> ENTRIES SHOWN:

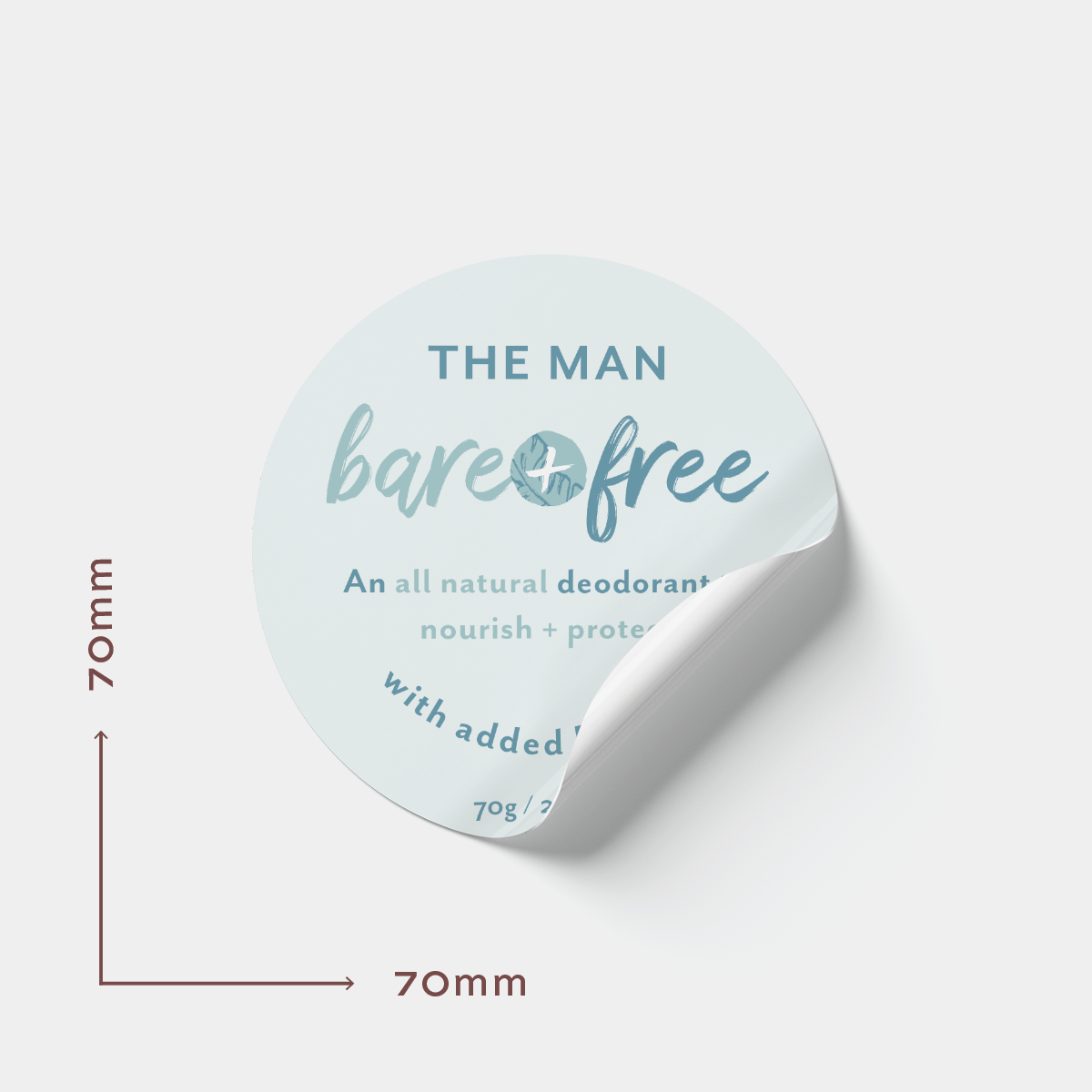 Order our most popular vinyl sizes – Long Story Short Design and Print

...

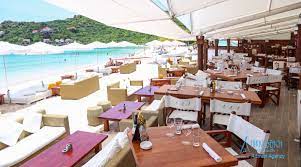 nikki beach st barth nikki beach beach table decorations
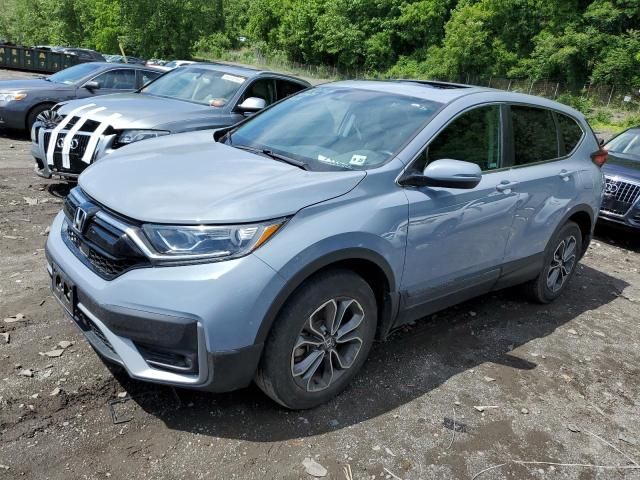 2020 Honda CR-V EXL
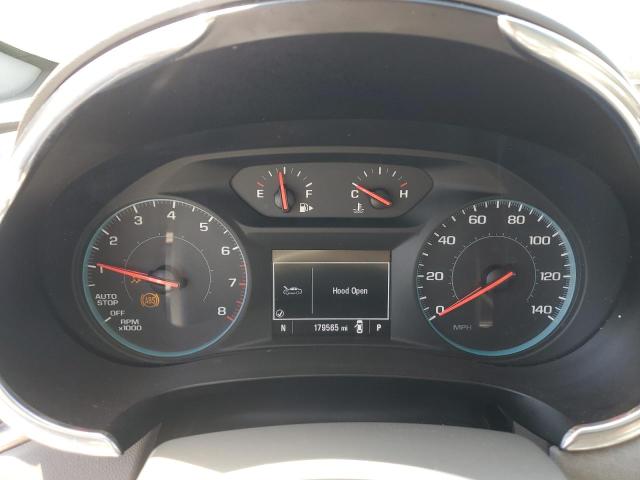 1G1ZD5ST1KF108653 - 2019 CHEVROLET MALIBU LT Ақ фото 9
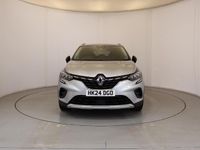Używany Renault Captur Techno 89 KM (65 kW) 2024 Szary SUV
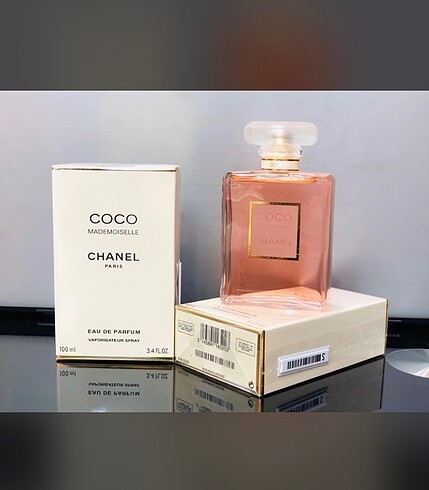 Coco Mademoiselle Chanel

> WHAT YOU WILL DO:
Exactly reproduce the lines above, starting at the one that contains "2020 Honda CR-V EXL" and ending at the one that contains "Coco Mademoiselle Chanel", both inclusive; leave the pictures out and add no other lines.

> OUTPUT FOR THIS EXERCISE:
 2020 Honda CR-V EXL
 1G1ZD5ST1KF108653 - 2019 CHEVROLET MALIBU LT Ақ фото 9
Używany Renault Captur Techno 89 KM (65 kW) 2024 Szary SUV
 Coco Mademoiselle Chanel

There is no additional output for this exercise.